Despite these headline figures, officials and economists are raising alarms about the uneven distribution of this wealth. Taiwan’s Central Bank Governor Yang Chin-lung has described the emerging dynamic as a “K-shaped economy,” where the technology sector thrives while other industries stagnate. The semiconductor industry, dominated by Taiwan Semiconductor Manufacturing Company (TSMC), employs only 300,000 people within a total workforce of 11 million. Consequently, the benefits of the AI windfall are concentrated in a narrow segment of the labour market, leaving the majority of workers outside the tech sphere with limited gains.
The disparity is evident in wage data released by the Directorate-General of Budget, Accounting and Statistics. While real average wages grew by 1.4 per cent in 2025, the median wage rose by only 1.35 per cent. The distortion is significant, with 70 per cent of earners making less than the average salary, a statistic driven by the high compensation packages in the tech sector where pay is nearly double the national average. Alicia Garcia Herrero, chief economist for Asia Pacific at Natixis, warned that the current model risks creating a “dual society” where talent and funding are siphoned away from other industries.

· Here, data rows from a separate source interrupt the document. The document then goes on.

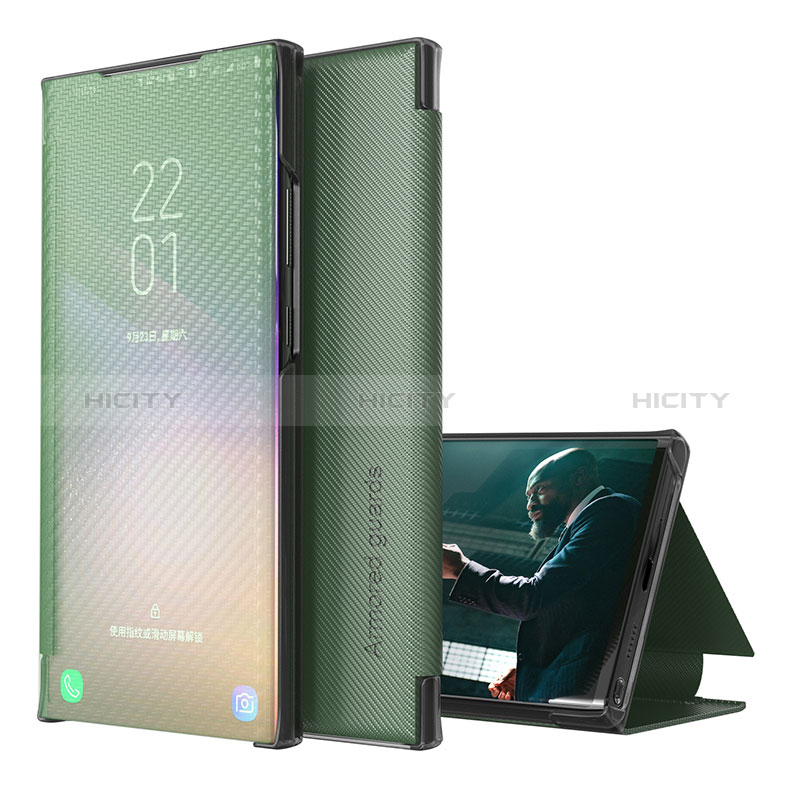 Samsung Galaxy A30S用手帳型 レザーケース スタンド カバー ZL1 サムスン グリーン
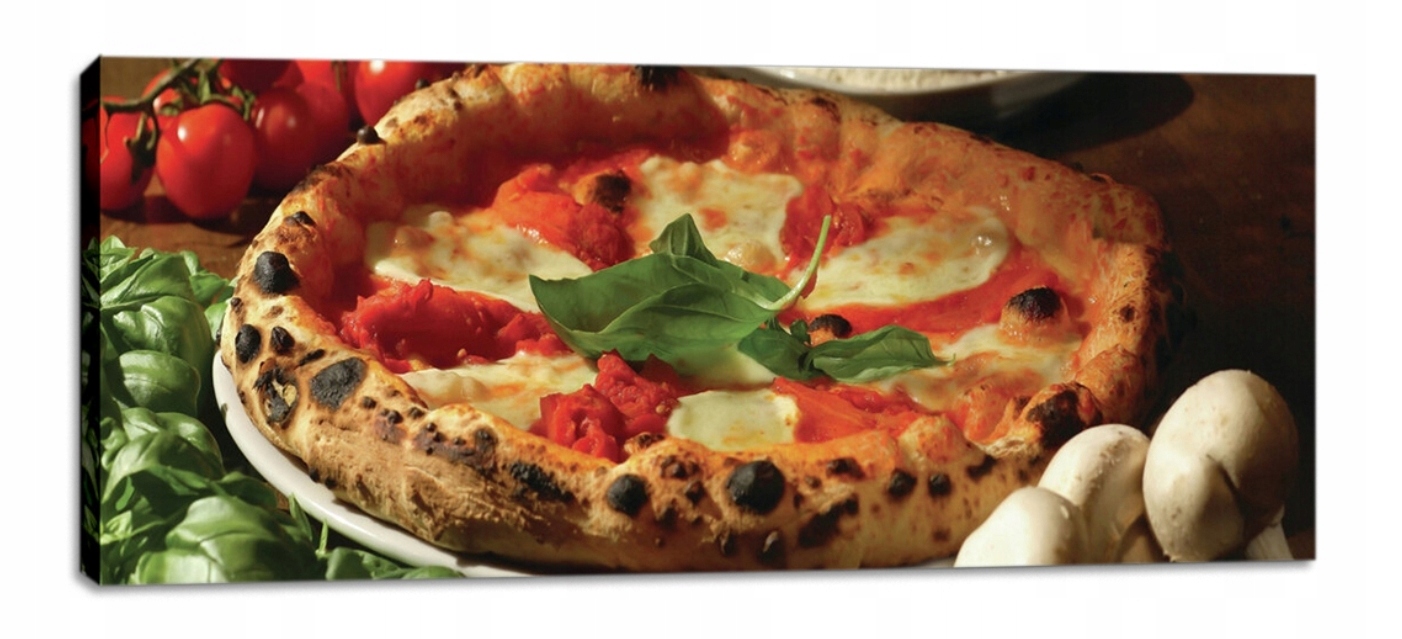 Obraz 145x45 Italská pizza Margarita čerstvé ingredience bazalka rajčata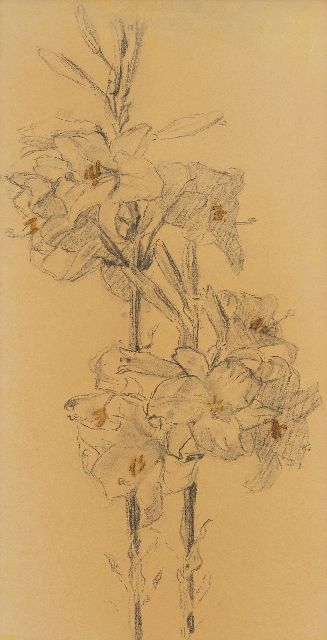 Bart van der Leck | Lelies, grafiet en aquarel op papier, 50,0 x 26,0 cm, gesigneerd verso en verso gedateerd 1922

Non-tech sectors face additional structural headwinds, including trade barriers that do not affect their competitors. Chao-Hsi Huang, associate dean at the Taipei School of Economics, noted that traditional manufacturing exporters suffer from higher tariffs than counterparts in Korea, Japan, or Southeast Asia, largely because Taiwan cannot sign free trade agreements. These external pressures, combined with a weak currency that has eroded consumer purchasing power, have left many in the service sector, which employs approximately seven million people, struggling against rising living costs.

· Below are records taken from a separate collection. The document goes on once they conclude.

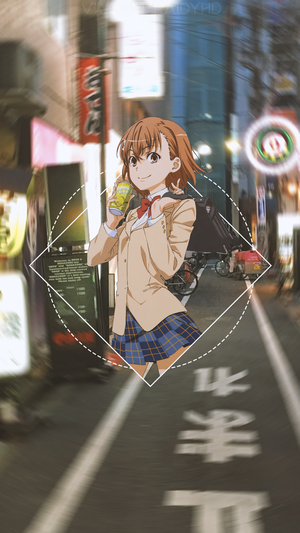 Misaka Mikoto from To Aru Kagaku no Railgun drinking a beverage
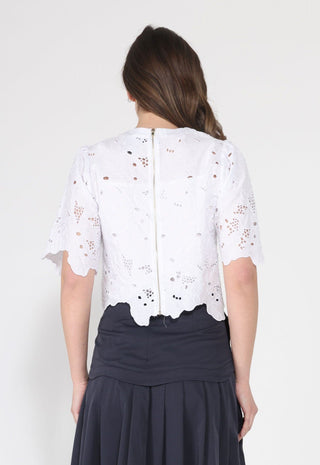 Floral Lace Embroidered Short Sleeve Crop Top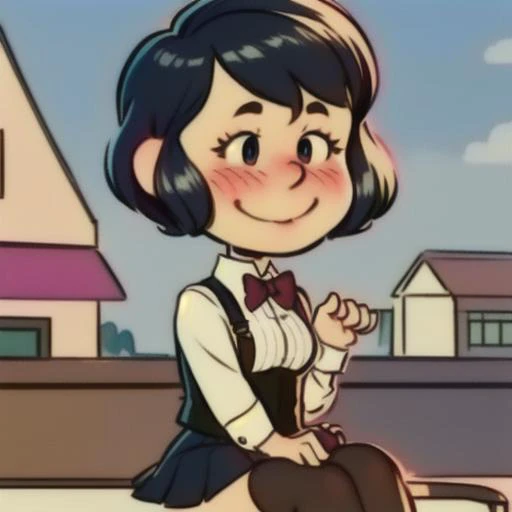 1 girl,cute, solo,beautiful detailed sky,detailed cafe,night,sitting,dating,(nose blush),(smile:1.1),(closed mouth)
medium breasts,beautiful detailed eyes,(collared shirt:1.1), bowtie,pleated skirt,(short hair:1.2),floating hair, <lora:Will Eisner Style:1>Will Eisner Style, <lora:Charles_Schulz_Style_Dim32:0.8> chibi, style parody,
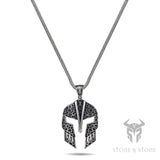 Spartan Mosaic Helmet Sterling Silver Pendant - Dagger Forge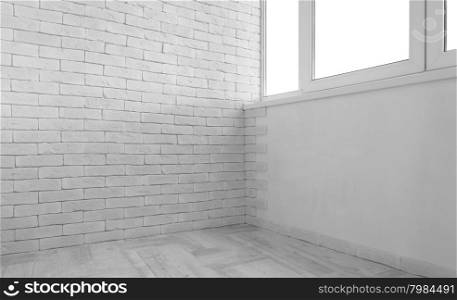 Vintage interior of white brick wall and old wooden floor. Empty vintage room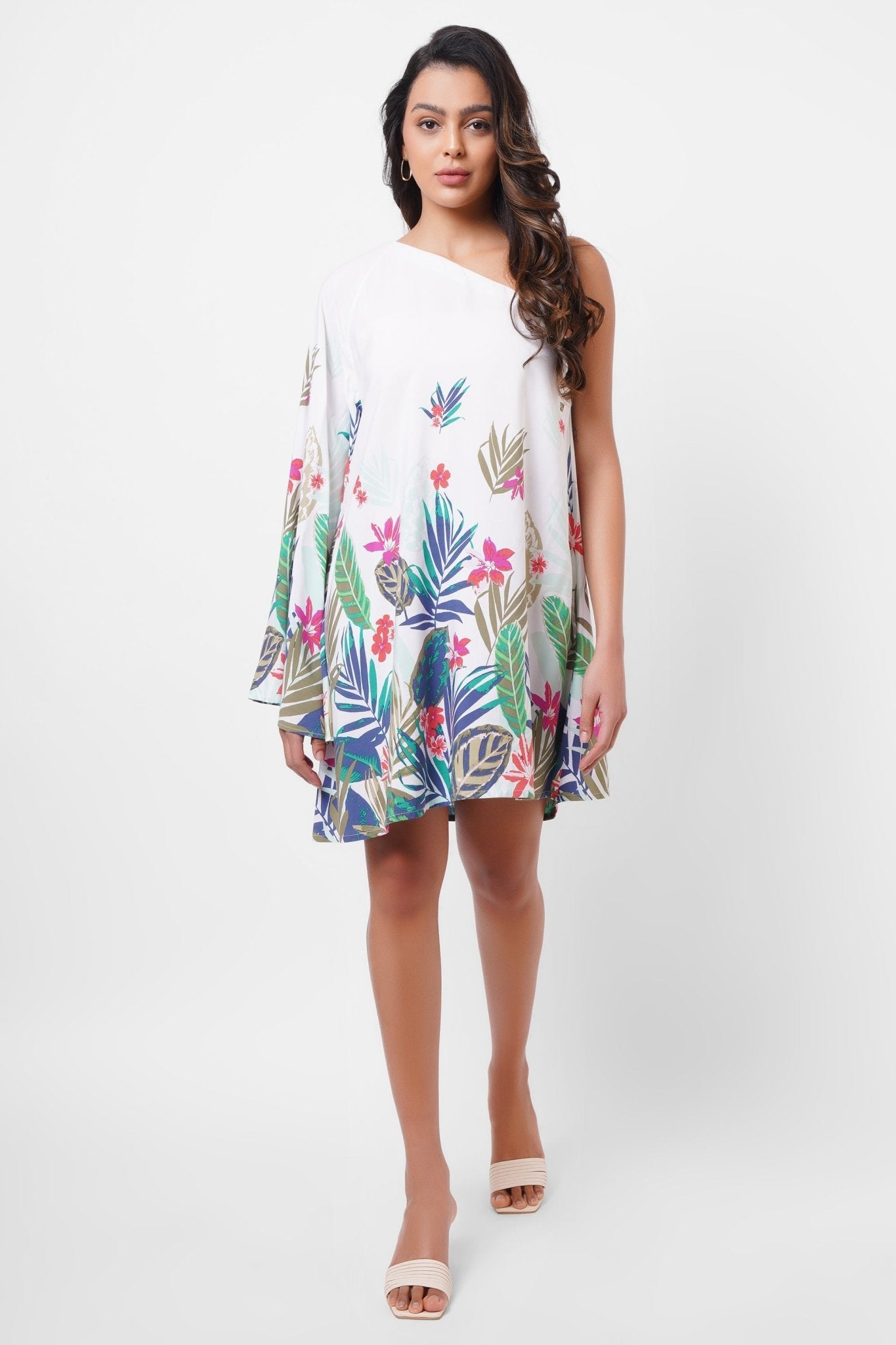 Resort Wear One Shoulder Floral Print Short Dress - Western Era Dresses for women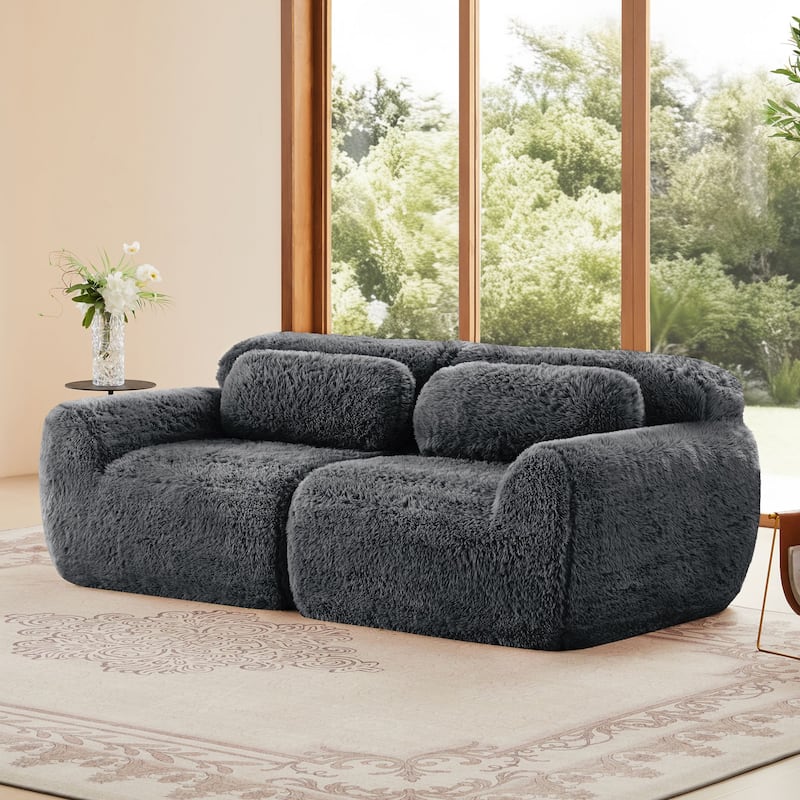 Rossetta 2-seater Soft Fluffy Plush Fabric Modular Sectional Sofa Couches with Throw Pillows, Bottom Anti-Slip Design - Dark Grey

The financial anxiety among the general population is reflected in recent data from Academia Sinica. A survey of 1,195 respondents found that 40 per cent felt “anxious” or “very anxious” about household finances, particularly regarding housing affordability. While the Taiwan Stock Exchange has doubled in value to $2.2 trillion between 2019 and 2025, attracting 13.77 million trading accounts, this market growth has not translated into broad-based prosperity. The island’s Gini coefficient, a measure of wealth inequality, has risen from 0.308 in 1980 to 0.341 in 2024, underscoring the deepening divide between asset holders and ordinary workers.